Череда судорог, три взвизга, конвульсивное подергивание плеча и головы… Немецкий попаа стоял, держа под мышкой “Зачарованные острова” Гонсалве. Цезальпинии соединяли над ним ветви с красными цветами, а за остроконечными панданусами бродил по пляжу Океан, мирно перекатывая белые полукружия.
– Когда я узнал, что вы приехали… я сказал себе: Кон, пора. Ты должен явиться… На регистрацию, как положено…
Панический взгляд расширенных глаз… Стремясь к совершенству образа, Кон подумал о Теллере, отце водородной бомбы, чтобы по коже побежали мурашки. Но было слишком жарко, пришлось удовольствоваться легкой пеной у рта – в искусстве Кон был за реализм.

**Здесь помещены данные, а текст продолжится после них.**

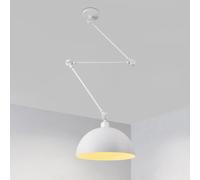 Mengjay Lampada a Sospensione Industriale Regolabile,Moderno interna Lampadario E27 metallo Lampada Pendente,Braccio Articolato 135 cm,Plafoniera per Soggiorno Sala Da Pranzo Camera (Bianco)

– Двадцать пять лет я питался одними бананами, зарылся в землю, как крот… Но сумел продержаться, не дался нацистам… а все мои родные – сестра, отец, мать, братья… все… в Освенциме…
Тут Коном овладело что-то вроде пляски святого Витта.
– Освенцим! Освенцим! Освенцим!
Глаза его наполнились таким неописуемым ужасом, что немец увидел в них сразу все шесть миллионов еврейских трупов. Среди цветов слышалось томное воркованье горлиц. На Таити было мало птиц, и Бизьен решил завезти сюда этих чувственных пташек, чьи нежные излияния так хорошо сочетаются с представлениями о любви в эдеме.
Немецкий попаа побледнел как смерть. Стоя поодаль, садовник Мухуу наблюдал за ними с поливальным шлангом наготове; он догадывался, что происходит какое-то безобразие, и ждал лишь знака, чтобы вмешаться. Но Кон чувствовал себя в безопасности. Этот пожилой аристократ явно никогда не был нацистом. Поэтому расплачиваться придется именно ему.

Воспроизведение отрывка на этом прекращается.